Ahead of the exhibition’s opening, I visit the National Museum of Scotland archive with Ripley and textile conservator Miriam McLeod. Among mannequins, tissue paper and drawers crammed with conservation materials is the oldest garment in the show: a “robe de style” from Jeanne Lanvin’s autumn/winter 1926 collection. A dropped-waist, silk Art Deco design hand-sewn with glass beads imitating seed pearls, it is demure but daring. “People often say ‘Black is back’, but it really never goes away,” Ripley says as she watches McLeod stitch minuscule repairs to the Lanvin dress with a fine surgical needle. The difference, she adds, is that “dress codes for different times of day just aren’t the same”.

A Vogue illustration of a thin woman wearing a black dress
Illustration of Chanel’s little black dress by Main Rousseau Bocher, from Vogue, October 1926

A woman models a sequined body suit resembling a little black dress
Nensi Dojaka’s sequin bodysuit

Social and sexual revolutions filtered into the looks that shifted fashion forward. “This exhibition is not just going to be dresses,” Ripley says. “We’ve juxtaposed ’50s silhouettes with more contemporary pieces, so that people can consider how cyclical fashion is, but also how the LBD gets updated.”

To this point, one of the show’s first displays is an Yves Saint Laurent Le Smoking dinner suit from the Rive Gauche line. The 1979-80 design, in wool gabardine with silk velvet brocade trim, speaks to a very modern-seeming solution to evening dressing, one that borrows from menswear. “There is this underlying sexiness to black,” Ripley says. It’s juxtaposed in the show with a Charles Jeffrey menswear outfit which does the reverse of Le Smoking by “feminising the traits of the suit” with a slashed petticoat.
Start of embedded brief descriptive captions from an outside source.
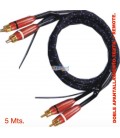 5 Mts / CABLE PRO - 2 RCA MACHOS A 2 RCA MACHOS (DOBLE APANTALLAMIENTO + REMOTE)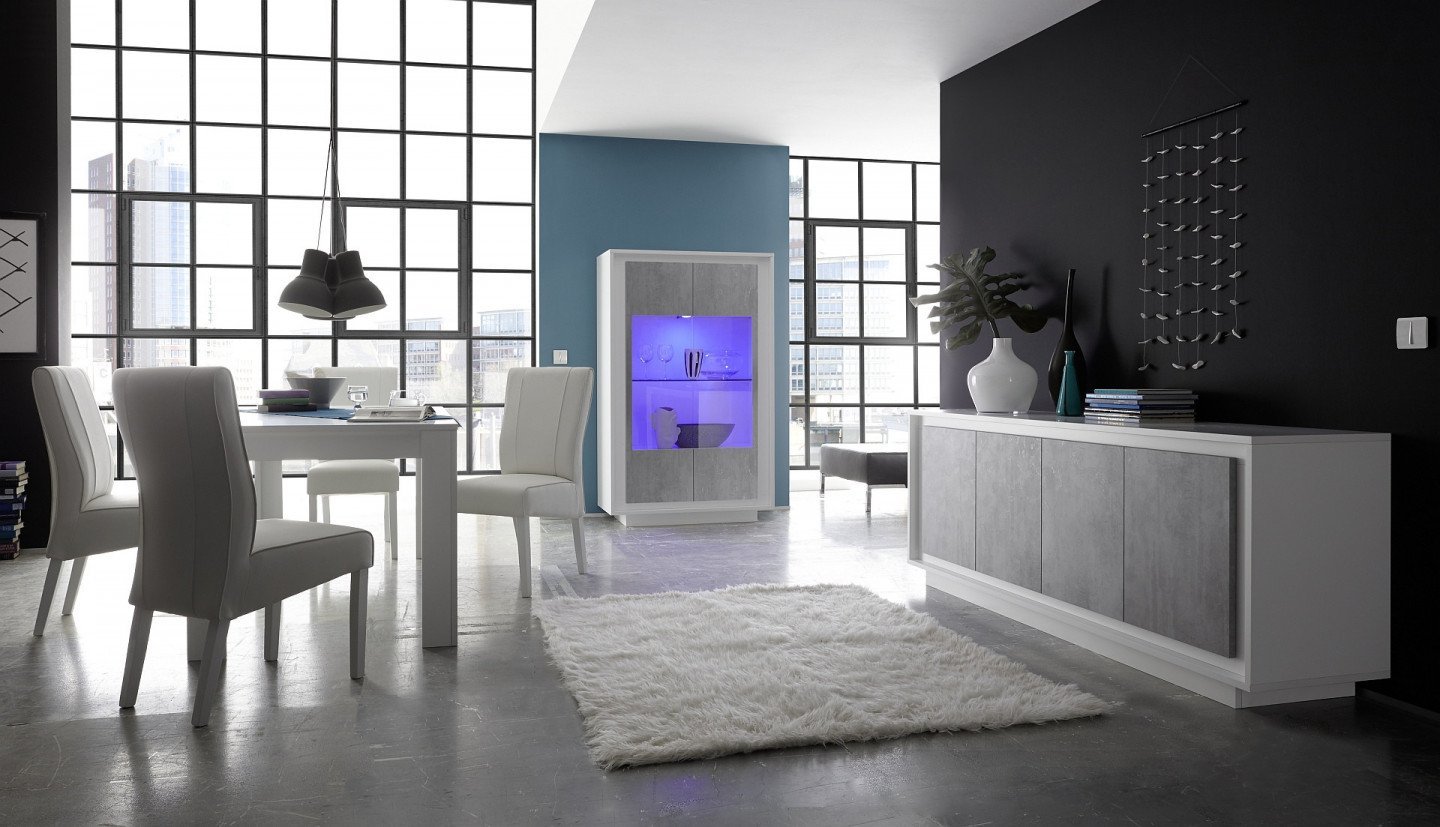 Salle à manger moderne blanc laqué et gris GREY 1962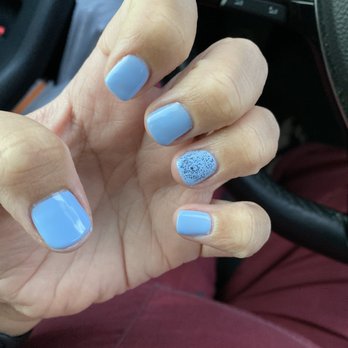 Golden Nails - Decided on blue since baby boy coming soon - Nail Salons Near Me - Honolulu, Hawaii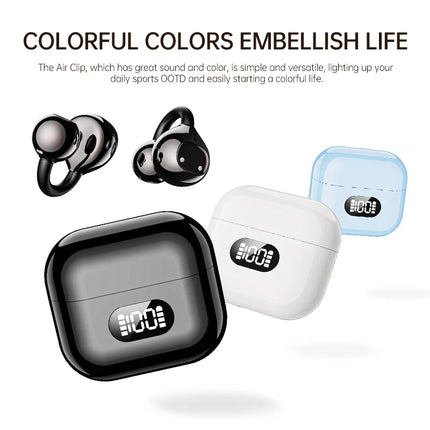 X62 Smart TWS Ear Clip Bluetooth Headphones Digital Display 150 Language Translation 30H Battery Open Ear Design for Sports 2026
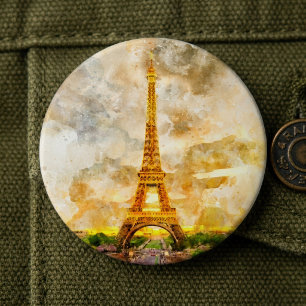 Paris Eiffelturm Aquarell Sonnenuntergang Kunst Dr Button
A model in a black dress walks down a catwalk
The Harriet dress from Molly Goddard’s AW18 collection © Shutterstock

The National Museum of Scotland collection has a surprisingly vast textile archive to prove black’s versatility, stretching back to the 14th century in liturgical gear and into the 20th century via an extensive Jean Muir collection from the 1960s. The most modern pieces pulled or loaned for Beyond the Little Black Dress are technical showstoppers as much as they are markers of changing tastes. In the “Harriet” dress from Molly Goddard’s AW18 collection, the heavy weight of a large nylon tulle skirt is carried magically by a fine mesh top.

Gareth Pugh, meanwhile, takes a witty approach to fabric by using both black plastic bin bags (AW13) and black plastic drinking straws (AW15/16) in two dresses that emphasise the labour of sustainability. “Pugh said he would never remake them, because they were so difficult,” Ripley says. To build the drinking straw dress, hundreds of tubes were hand-sewn on to create a structured black thatch that rustles and moves with the body. “When it’s on the figure, you realise it’s hugely structured and actually gives you a feeling of dressiness,” McLeod adds. Like its sibling piece with individually knotted refuse bag scraps, which from a distance look like matte silk puffs, it has an off-kilter humour to it.

Film star Florence Pugh walks down a movie premiere red carpet in a black dress
Florence Pugh at the premiere for the film ‘Don’t Worry Darling’ in Venice, 2022, wearing a black Valentino dress © Getty Images

So where does the LBD sit in fashion today? With dress codes relaxing, chances to wear an LBD for many of us might be dwindling, for fear of looking too dressed up, or even staid. But on the red carpet, at least, celebrities are still mixing it up. Witness Florence Pugh at last year’s Venice Film Festival’s Don’t Worry Darling premiere in a black Valentino dress with sparkly spots and a sheer skirt, or Alexa Chung in Nensi Dojaka’s sequin bodysuit for the reopening of the National Portrait Gallery last month. Dojaka’s cutaway lingerie-inspired bodycon dresses are reinvigorating the genre. Just call it the very little black dress.